I'm trying to create a 4 way joins table.
class User < ApplicationRecord
has_many :user_configurations
has_many :teams, through: :user_configurations
has_many :companies, through: :user_configurations
scope :supervisors, -> { joins(:user_configurations).where(user_configurations: { supervisor: true }) }
scope :agents, -> { joins(:user_configurations).where(user_configurations: { supervisor: false }) }
end
class Team < ApplicationRecord
has_many :user_configurations
has_many :users, through: :user_configurations
belongs_to :company_unit
end
class CompanyUnit < ApplicationRecord
has_many :user_configurations
has_many :users, through: :user_configurations
has_many :teams
belongs_to :company
end
class Company < ApplicationRecord
has_many :user_configurations
has_many :users, through: :user_configurations
has_many :company_units
has_many :teams, through: :company_units
end
class UserConfiguration < ApplicationRecord
belongs_to :user, optional: true
belongs_to :team, optional: true
belongs_to :company, optional: true
#supervisor:boolean in this table
end
When I create I get 2 separate entries into the UserConfiguration Table.

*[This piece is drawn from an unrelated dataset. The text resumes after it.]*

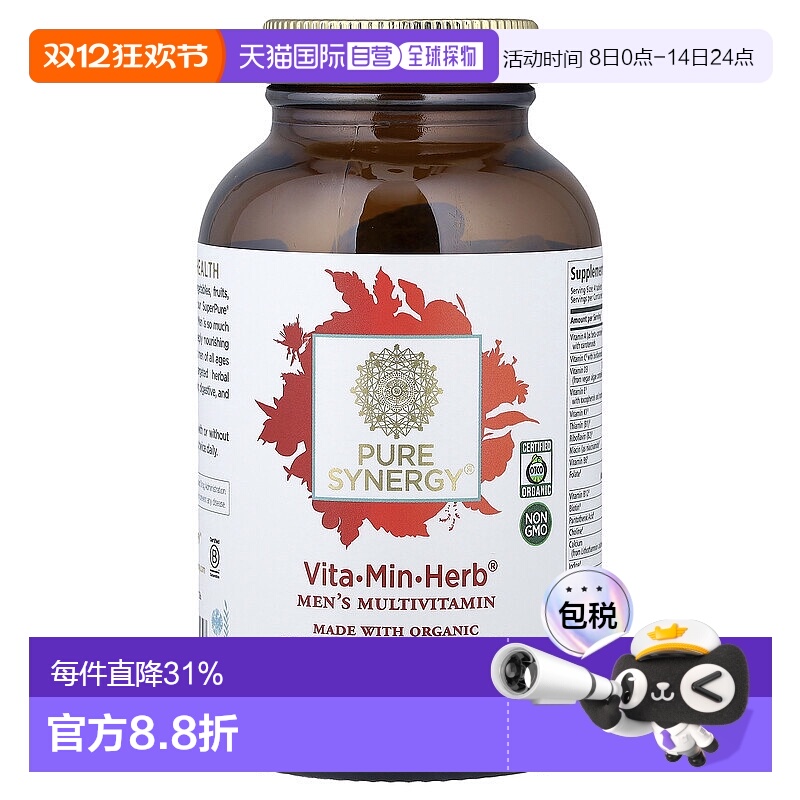 香港直发pure synergy男性多维生素保护男性健康120片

Company.first.users.create(team_ids: [1])
id: 1, user_id: 1, team_id: nil, company_id: 1
id: 2, user_id: 1, team_id: 1, company_id: nil
I don't know if it's good practice to attempt something like this any suggestions will be really helpful thanks. Every search results in trying to do a sql join to query data.
EDIT: Decided not to do this and will try and figure out a different approach.

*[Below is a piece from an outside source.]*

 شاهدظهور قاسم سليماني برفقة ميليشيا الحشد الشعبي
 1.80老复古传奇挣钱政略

I would set it up with indirect relationships instead:
class User
has_many :employments
has_many :companies, through: :employments
has_many :positions
has_many :teams, through: :positions
end
class Company
has_many :employments
has_many :users, through: :employments
has_many :teams, through: :users
end
class Team
has_many :positions
has_many :users, through: :positions
has_many :companies, through: :users
end
# join model between User and Company
class Employment
belongs_to :user
belongs_to :company
end
# join model between User and Team
class Position
belongs_to :user
belongs_to :team
end
While you could potentially use a single 3 way join model this violates the Single Responsibility Principle and does not map the domain very well.
3 way joins introduce quite a bit of complexity as you cannot simply unlink two records by deleting a row in the join table. And ActiveRecord does not automatically keep track of the foreign key columns.

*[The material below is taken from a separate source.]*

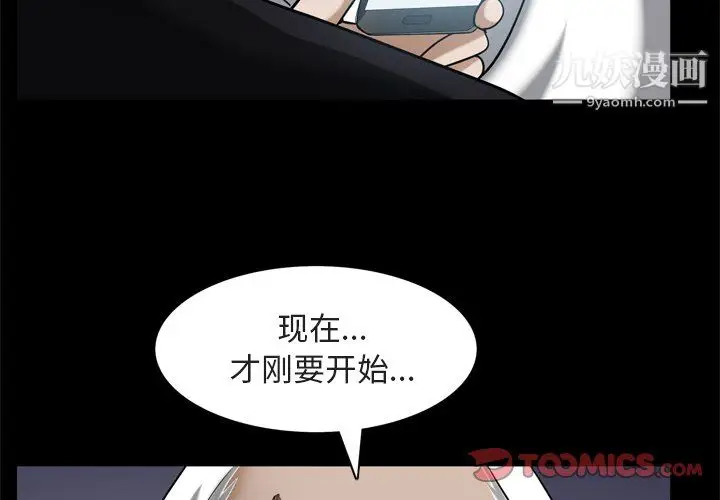 漫画《枷锁2：赤脚》第64话第3张图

If you want to add roles to this data model there are a few ways to do it:
# join model between User and Team
class Position
enum role: [:grunt, :supervisor]
belongs_to :user
belongs_to :team
end
class User
has_many :user_roles
has_many :roles, through: :user_roles
def has_role?(name, resource = nil)
roles.exists?(name: name, resource: resource)
end
end
class Role
belongs_to :resource, polymorpic: true, optional: true
has_many :user_roles
end
class UserRole
belongs_to :user
belongs_to :role
end
This is a really flexible system lets you attach roles to anything - companies, teams etc. And lets you build systems where the roles can even by defined by end users. Check out the rolify gem for a full example.